Data Scientist is the sexy role for the next 20 years

This phrased was said by Hal Varian, Chief Financial Officer(CFO) at Google, in a interview to Mckinsey Quaterly News. Varian, who together to his team has become to Google to one of most profitable companies of the world, arriving to amazing numbers: 29,5 billions of dolars in a year.

But these numbers of the company, it would be not possible without three main roles that Varian calls: “Data Analyst”, “Statistician” and the “Data Visualization Expert”, described by the executive like the “hot and sexy jobs”. Varian says: “These professionals are and will be the key of the success of the companies in the next years, specially in these difficult times that is very hard to become to a business in a profitable piece”.So, there are many companies looking for a new professional that could combine these three skills: the “Data Scientist”. If you do a simple search in Indeed.com or Simplyhired.com searching “Data Scientist”, you can see the raising interest by the companies for this unique kind of professionals.

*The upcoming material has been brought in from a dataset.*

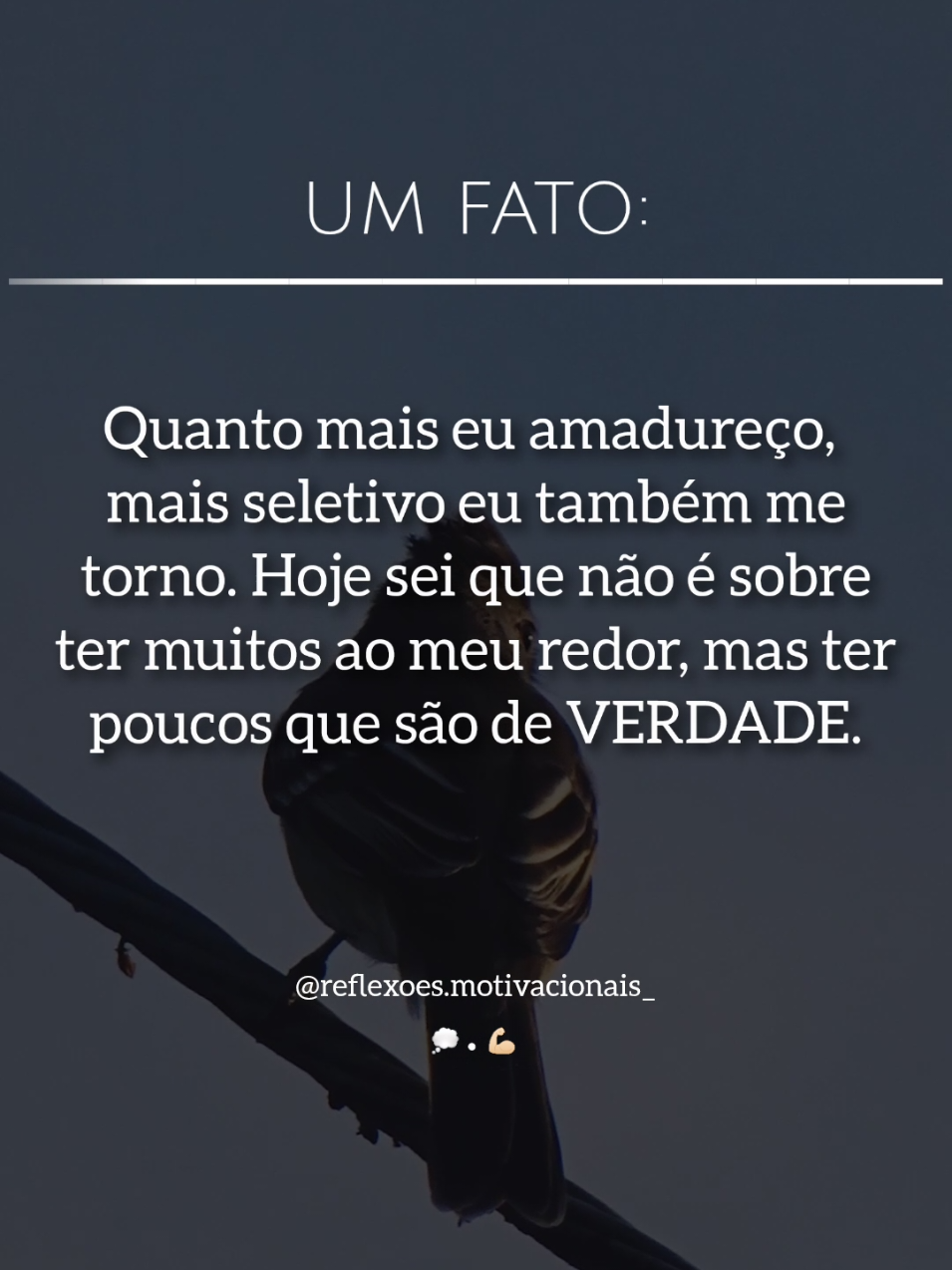 Faz sentido pra você? 💭 #creatorsearchinsights #reflexão #reflexaododia #frasesmotivadoras #evolucaopessoal 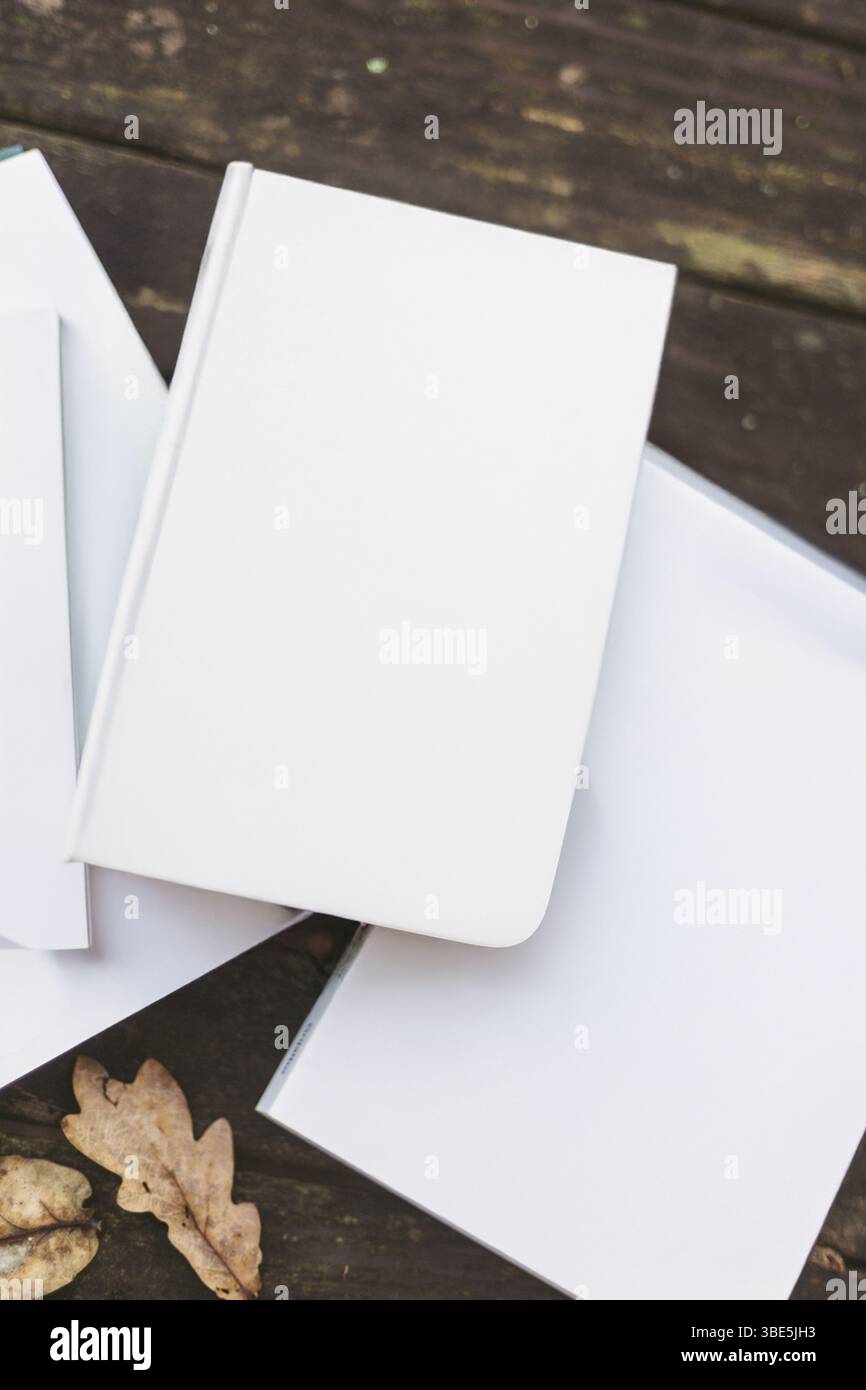 Une image harmonieuse de livres d'entraide reposant sur une surface en bois au milieu d'une forêt tranquille. L'environnement serein et les éléments naturels fournissent une ide Banque D'Images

I want to be a Data Scientist, How I can prepare for the role?

This is a question that many young professionals (like me) have in their minds: “I want to be a Data Scientist, but How I can obtain the required knowledge for acomplish this?”. There are a lot of whitepapers, books, articles, blog sites; a lot of techniques, tools, etc. For that reason, when a new professional is faced to this insane quantity of resources, arrises a new question: What? There a lot of books, tools, How I can begin to do this? This is the main topic of this post, to help from my modest experience in this field to address to new professionals to select good and useful content. Ok, first, my books’s list:

All these amazing books helps me everyday, because they are writting for practitioners that use everyday theirs techniques and tools described in these texts. Remember, this is my personal list, you can build your list, adding more books or removing some. I let you a start point, you can decide how you should follow it. I recommend the order that I let you here, because the first book (Head First Data Analysis) do a amazing job explaining to you the tricky and challenging problems that can face a Data Analyst, in a concise and clean way, addressed for the outstanding way of its writing. (Note: All Head First’s books are incredible useful)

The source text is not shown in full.